Sure, if you're performing for a niche audience such as the local NAACP chapter or a Women's History Month event, then it is, of course, possible (and advisable) to research the audience and preselect a set. But most audiences are not so specialized, and you really have no idea who you will be reading for until you arrive at the event. Further, even when describing their predicted audience to you in advance, in this age of political-correctness, event organizers are sometimes not so straightforward, leaving you in a situation which was not quite what you bargained for.

So, through my years of performing for random selections of judges at National Poetry Slams in Chicago, Providence, and Seattle, and while performing at dozens upon dozens of other more specialized venues across the country, I have fine-tuned a skill for "knowing your audience" on an impromptu basis. I call it 'Reading the Room.'

But before I go any further, let me provide some examples of the rather unlikely places I've wound up reading poems to an audience that, in some way, was not quite what I'd expected. Hopefully, this will illustrate why reading the room - as opposed to approaching a gig with an etched-in-stone set list - is such a priceless skill. Just imagine yourself in each of the following situations, five minutes before going on-stage:

  • a redneck bar in Americus, GA
  • an assembly of high schoolers in Pittsburgh, PA, their parents frantically removing them from school on September 11th, just after the 3rd plane has crashed in a field less than 60 miles away
  • the out-to-humiliate-you producers of the game show, Weakest Link, in Hollywood, CA
  • a Christian singles conference
  • an Atlanta hip-hop club, where there has been a scheduling mix-up resulting in the deejay abruptly yanking the music, clearing the dancefloor, and contemptuously shouting at clubgoers, Sit down, now we're gonna hear some poetry.
  • a room of 1st graders at Queen of Angels Catholic school in north Atlanta
  • the Artistic Director and Assistant Artistic Director of Atlanta's Alliance Theatre
  • a Republican fundraiser (billed as a My South party) in NY, NY during the 2004 Republican Natl Convention
  • following a 50+ member gospel choir at the 2004 Turner Trumpet Awards Black Cultural Explosion in an event featuring former member of Arrested Development, Dionne Ferris; comedian, Ricky Smiley; opera singer, Djore Nance; jazz violinist, Karen Briggs; and Gospel singer, Smokie Norful

Now, hopefully you understand that it would be the equivalent of performance suicide to take the same 15-minute set of poems and read them to all of the aforementioned rooms. Obviously, what works in a captive room of first graders at a Catholic school is not best-suited for an audience of liquored-up hip-hoppers whose groove has been disrupted by your unexpected poetry performance.

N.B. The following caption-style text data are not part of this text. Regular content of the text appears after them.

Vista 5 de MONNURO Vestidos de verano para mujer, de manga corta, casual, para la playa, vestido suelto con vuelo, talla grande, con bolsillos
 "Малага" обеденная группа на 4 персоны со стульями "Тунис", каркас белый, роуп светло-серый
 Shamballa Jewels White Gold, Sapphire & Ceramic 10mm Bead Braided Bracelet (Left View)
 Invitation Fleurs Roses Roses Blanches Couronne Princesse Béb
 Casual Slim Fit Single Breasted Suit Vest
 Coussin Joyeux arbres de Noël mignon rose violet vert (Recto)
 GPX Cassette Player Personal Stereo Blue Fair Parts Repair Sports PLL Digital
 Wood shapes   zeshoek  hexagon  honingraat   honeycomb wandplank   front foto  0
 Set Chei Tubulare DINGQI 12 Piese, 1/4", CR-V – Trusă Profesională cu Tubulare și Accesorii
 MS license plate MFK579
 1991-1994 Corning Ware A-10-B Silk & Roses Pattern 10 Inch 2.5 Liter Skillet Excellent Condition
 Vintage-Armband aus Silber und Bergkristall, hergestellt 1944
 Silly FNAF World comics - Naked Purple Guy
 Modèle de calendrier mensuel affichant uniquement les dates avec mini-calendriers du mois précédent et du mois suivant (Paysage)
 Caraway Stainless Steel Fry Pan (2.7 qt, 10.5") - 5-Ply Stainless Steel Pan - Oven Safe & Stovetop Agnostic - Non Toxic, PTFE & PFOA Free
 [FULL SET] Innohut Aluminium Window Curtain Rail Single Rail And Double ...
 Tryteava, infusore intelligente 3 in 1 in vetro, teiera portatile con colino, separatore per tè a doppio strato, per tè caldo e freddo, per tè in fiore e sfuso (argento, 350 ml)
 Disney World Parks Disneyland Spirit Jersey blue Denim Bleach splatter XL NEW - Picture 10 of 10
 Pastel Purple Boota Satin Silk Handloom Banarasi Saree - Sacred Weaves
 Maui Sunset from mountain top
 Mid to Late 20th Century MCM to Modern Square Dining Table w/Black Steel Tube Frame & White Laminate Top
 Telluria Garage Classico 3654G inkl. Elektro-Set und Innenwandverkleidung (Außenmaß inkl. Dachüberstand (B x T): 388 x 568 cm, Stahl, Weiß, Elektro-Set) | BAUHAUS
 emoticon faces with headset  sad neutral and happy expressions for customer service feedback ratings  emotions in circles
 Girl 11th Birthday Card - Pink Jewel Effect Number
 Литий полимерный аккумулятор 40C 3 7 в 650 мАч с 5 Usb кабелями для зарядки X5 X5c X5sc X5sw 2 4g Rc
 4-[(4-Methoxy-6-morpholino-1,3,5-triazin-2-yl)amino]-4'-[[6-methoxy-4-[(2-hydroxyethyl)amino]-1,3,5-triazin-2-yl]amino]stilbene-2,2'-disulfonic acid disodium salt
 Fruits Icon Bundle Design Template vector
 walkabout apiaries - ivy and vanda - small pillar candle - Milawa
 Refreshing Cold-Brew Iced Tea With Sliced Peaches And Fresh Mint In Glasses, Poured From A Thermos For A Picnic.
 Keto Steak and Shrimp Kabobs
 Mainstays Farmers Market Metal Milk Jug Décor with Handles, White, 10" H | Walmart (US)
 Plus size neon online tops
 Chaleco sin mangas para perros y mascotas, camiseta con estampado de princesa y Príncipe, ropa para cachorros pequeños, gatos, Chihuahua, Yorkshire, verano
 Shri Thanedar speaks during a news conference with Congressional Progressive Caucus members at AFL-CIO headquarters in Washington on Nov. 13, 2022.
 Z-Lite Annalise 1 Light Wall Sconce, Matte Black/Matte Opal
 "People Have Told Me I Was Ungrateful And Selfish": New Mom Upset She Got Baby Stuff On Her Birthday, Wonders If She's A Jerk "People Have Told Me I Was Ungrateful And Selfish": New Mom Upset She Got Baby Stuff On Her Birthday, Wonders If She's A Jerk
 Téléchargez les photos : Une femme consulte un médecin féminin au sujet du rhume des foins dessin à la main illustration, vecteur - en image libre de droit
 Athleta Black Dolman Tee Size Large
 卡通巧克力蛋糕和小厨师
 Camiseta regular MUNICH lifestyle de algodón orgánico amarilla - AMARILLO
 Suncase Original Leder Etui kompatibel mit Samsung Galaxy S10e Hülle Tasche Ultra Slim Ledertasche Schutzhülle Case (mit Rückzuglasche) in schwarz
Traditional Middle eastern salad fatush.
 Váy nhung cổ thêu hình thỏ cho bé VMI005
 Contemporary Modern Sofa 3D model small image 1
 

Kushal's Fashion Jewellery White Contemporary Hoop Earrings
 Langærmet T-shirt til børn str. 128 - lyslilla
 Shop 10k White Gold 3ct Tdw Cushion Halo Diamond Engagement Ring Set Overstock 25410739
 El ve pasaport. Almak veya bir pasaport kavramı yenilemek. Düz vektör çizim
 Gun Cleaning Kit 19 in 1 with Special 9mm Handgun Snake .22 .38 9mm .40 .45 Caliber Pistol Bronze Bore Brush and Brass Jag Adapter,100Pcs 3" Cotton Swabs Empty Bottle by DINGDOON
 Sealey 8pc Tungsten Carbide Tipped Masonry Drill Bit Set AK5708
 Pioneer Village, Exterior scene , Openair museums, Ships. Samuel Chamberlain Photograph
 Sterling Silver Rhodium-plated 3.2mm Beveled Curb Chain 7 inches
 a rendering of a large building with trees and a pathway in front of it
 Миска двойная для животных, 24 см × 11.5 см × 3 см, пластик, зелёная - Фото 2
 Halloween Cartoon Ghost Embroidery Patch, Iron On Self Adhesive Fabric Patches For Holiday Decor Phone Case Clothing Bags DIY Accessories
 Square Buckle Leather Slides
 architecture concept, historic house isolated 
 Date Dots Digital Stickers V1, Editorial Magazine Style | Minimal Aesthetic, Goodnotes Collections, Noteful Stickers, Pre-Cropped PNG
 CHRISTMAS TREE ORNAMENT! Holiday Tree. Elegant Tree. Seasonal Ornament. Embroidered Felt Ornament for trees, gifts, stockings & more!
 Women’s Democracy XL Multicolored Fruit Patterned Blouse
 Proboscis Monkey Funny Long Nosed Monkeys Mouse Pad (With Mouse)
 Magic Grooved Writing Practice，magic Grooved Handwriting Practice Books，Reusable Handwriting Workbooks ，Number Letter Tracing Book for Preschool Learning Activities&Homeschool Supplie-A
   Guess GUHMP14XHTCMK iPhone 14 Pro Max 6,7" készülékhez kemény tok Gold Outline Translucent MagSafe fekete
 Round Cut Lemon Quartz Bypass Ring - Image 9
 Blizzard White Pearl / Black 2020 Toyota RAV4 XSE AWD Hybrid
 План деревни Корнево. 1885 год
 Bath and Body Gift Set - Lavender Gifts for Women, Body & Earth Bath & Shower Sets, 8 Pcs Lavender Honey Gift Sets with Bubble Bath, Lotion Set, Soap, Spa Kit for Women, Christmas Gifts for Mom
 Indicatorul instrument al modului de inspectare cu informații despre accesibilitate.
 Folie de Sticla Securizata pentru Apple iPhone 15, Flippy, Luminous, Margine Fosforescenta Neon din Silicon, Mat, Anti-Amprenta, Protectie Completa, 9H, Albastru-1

So, what exactly am I doing when I am reading the room? Well, I am doing the antithesis of what I preach in the majority of my own work: I am stereotyping.

I survey the room by demographic - race, age, gender, religion, education, class, sexual orientation, etc. Then, I base my set selection on, say, 75% what I think will make the audience comfortable in subject matter and diction and, say, 25% of what I think will make them squirm or stretch. My personal goal is to make audiences, after one of my performances, see - 1) poetry, 2) Black people, and 3) themselves - in a new light.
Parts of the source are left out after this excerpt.